• _EXERCISE INSTRUCTIONS_
Transcribe only part of the material below: the lines from the one containing "Black Rivet knit" through the one containing "A Woman Putting", inclusive, exactly as written.

• _DATA FOR ANALYSIS_
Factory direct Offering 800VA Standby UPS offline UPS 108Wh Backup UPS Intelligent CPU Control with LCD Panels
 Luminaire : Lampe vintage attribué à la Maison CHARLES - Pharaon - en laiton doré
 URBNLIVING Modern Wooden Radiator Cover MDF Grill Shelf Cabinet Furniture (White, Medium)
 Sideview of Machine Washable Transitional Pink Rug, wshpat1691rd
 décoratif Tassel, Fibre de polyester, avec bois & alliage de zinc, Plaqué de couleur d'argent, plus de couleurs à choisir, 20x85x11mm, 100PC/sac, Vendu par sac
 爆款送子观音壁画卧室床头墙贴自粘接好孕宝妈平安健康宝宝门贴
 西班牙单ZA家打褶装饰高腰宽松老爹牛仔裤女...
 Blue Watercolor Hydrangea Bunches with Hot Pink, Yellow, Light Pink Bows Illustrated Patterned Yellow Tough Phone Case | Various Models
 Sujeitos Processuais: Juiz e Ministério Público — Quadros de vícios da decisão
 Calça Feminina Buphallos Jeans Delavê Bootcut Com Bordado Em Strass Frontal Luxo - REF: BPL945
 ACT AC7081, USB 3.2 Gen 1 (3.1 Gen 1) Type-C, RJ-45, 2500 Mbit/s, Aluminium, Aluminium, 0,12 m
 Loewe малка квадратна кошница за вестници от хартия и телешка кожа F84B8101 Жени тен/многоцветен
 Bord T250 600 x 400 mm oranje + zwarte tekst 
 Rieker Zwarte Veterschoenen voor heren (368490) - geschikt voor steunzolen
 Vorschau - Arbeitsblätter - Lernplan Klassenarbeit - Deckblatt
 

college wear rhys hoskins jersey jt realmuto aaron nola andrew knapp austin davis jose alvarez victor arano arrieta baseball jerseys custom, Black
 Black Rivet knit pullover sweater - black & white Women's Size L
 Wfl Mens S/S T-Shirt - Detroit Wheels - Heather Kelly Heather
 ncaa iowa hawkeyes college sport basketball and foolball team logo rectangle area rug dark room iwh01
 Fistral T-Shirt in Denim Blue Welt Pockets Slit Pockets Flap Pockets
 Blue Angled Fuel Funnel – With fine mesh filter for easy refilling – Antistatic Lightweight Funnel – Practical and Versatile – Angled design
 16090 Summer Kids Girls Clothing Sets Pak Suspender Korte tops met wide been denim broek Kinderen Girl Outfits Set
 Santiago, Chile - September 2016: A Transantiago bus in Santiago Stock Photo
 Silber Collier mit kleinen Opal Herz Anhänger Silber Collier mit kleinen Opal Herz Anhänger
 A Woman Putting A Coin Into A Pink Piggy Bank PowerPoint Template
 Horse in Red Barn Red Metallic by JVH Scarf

• _RESPONSE TO THE EXERCISE_
 Black Rivet knit pullover sweater - black & white Women's Size L
 Wfl Mens S/S T-Shirt - Detroit Wheels - Heather Kelly Heather
 ncaa iowa hawkeyes college sport basketball and foolball team logo rectangle area rug dark room iwh01
 Fistral T-Shirt in Denim Blue Welt Pockets Slit Pockets Flap Pockets
 Blue Angled Fuel Funnel – With fine mesh filter for easy refilling – Antistatic Lightweight Funnel – Practical and Versatile – Angled design
 16090 Summer Kids Girls Clothing Sets Pak Suspender Korte tops met wide been denim broek Kinderen Girl Outfits Set
 Santiago, Chile - September 2016: A Transantiago bus in Santiago Stock Photo
 Silber Collier mit kleinen Opal Herz Anhänger Silber Collier mit kleinen Opal Herz Anhänger
 A Woman Putting A Coin Into A Pink Piggy Bank PowerPoint Template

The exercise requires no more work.